US ambassador Mulford and his wife Jeannie. Americans serve popcorn and bad food at parties.

Now for the brickbats. Who's the worst host? Surprise, surprise, the US of A. Which other country would dare serve popcorn as snack? Recalls a well-known editor, "I once went to an American embassy dinner on an invitation from the ambassador. There was only one course—hamburger and fries. No sweet. The burger was awful and the fries soggy. The world's sole superpower thinks guests should just be grateful for the invite. They are terrible hosts." Fans of ex-US ambassador Richard Celeste and his wife Jacqueline Lundquist (Seth is among them) say it's all been downhill since they left. "Ambassadors are the face of the embassy," says Mani Mann. "They set the tone.
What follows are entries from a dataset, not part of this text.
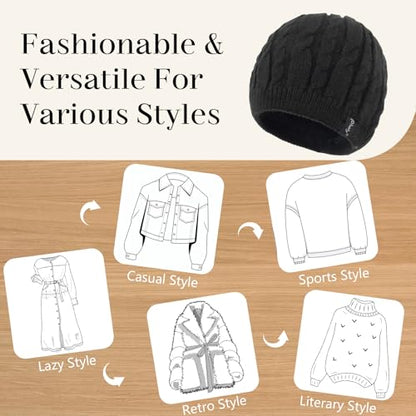 Winter Warm Beanie Hat for Women Men, Thick Cable Knit Cuffed Beanie - color: Black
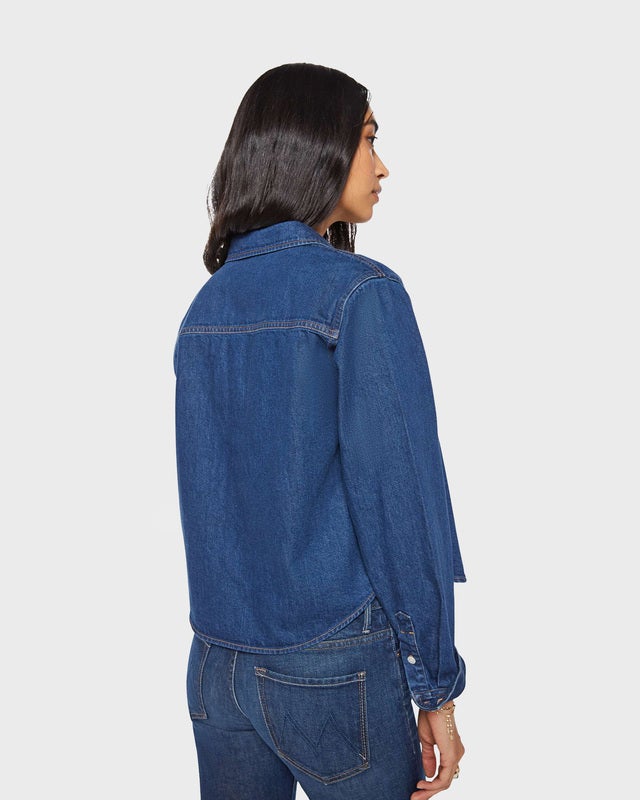 Mother Denim Shirt The Honor Roll Dark Blue Wash L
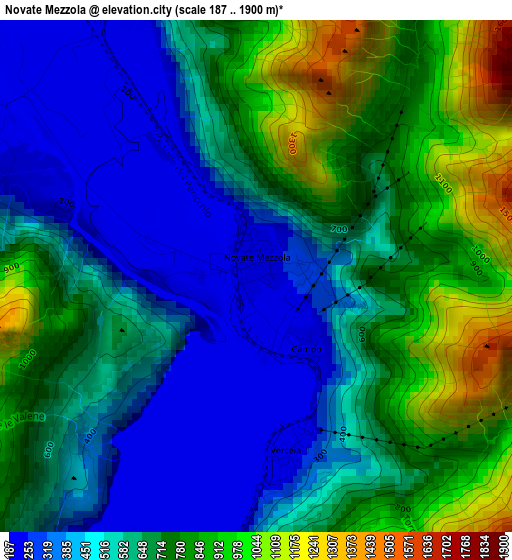 Novate Mezzola elevation map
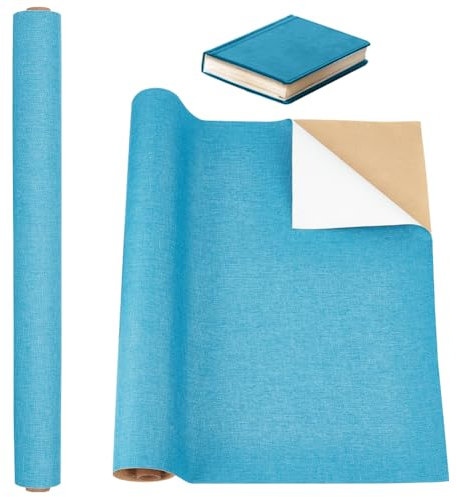 OLYCRAFT 100x43cm Selbstklebendes Bucheinbandtuch Dunkeltürkis Bucheinband Stoffoberfläche mit Papier hinterlegtes Buch Tuch DIY Buch Tuch Schutzhülle für Bucheinband Scrapbooking Album DIY Basteln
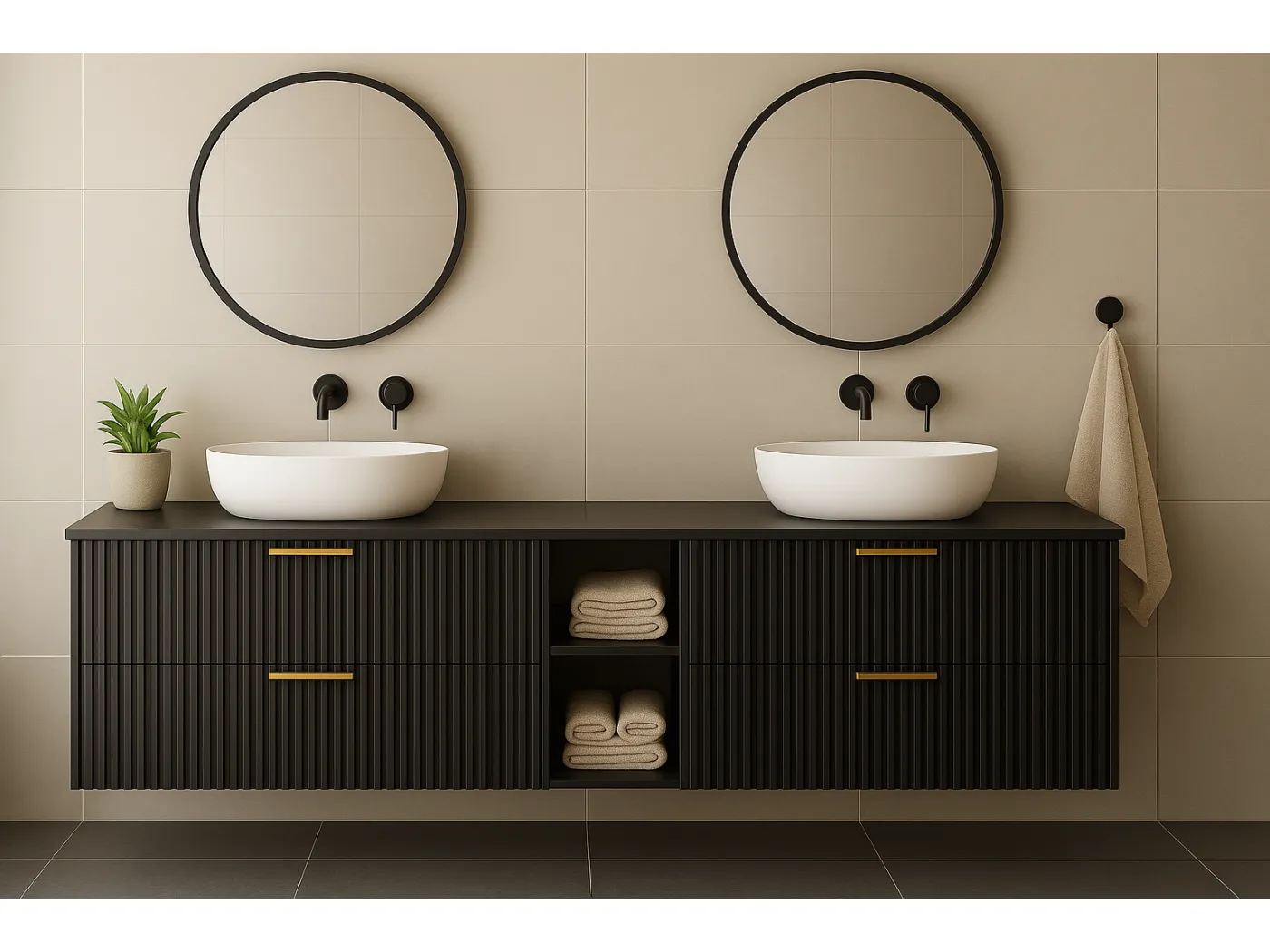 Schwarzer geriffelter Waschtischunterschrank FLOW 180 cm mit Regal und Platte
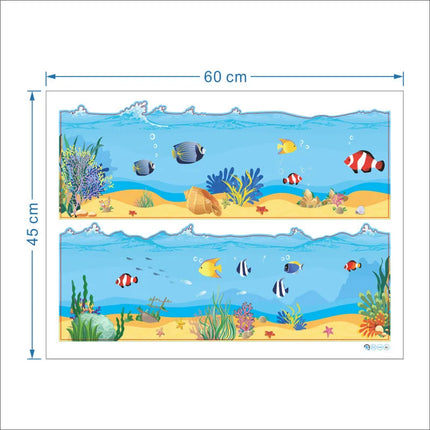 Cartoon Fish Stickers Home Decoration Underwater Scenery Mural Art Bathroom Kitchen Decor Decals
The current US ambassador (David Mulford) has not made much of a mark. No one seems to know him." Everyone knew Robert Blackwill, the previous incumbent, but he wasn't exactly the world's best party thrower either, subjecting dinner guests to round-table discussions at which his own views reigned supreme.

Competition for the US comes from two other dull hosts: the British High Commission and France. They might score on their cultural offerings and their charity dos, but it's all sunk in mediocre food—sometimes mediocre Indian food—and cheap wine. Says an indignant guest who knows his wine: "The French serve terrible wine. I promise you my cooking wine tastes better." Another recalls with a shudder favourite British dinner-table touches like dals served in sauceboats, and "curry" seasoned with a strange mango chutney. Some say their food has got better recently, but a vegetarian has the final word: "My secretary calls the British High Commission to inform them that I will be attending a dinner, and that I am vegetarian. I reach my table, and I am served an omelette for dinner. Not once. Not twice. But three times. Why have I dressed up and stepped out of my house? For an omelette?"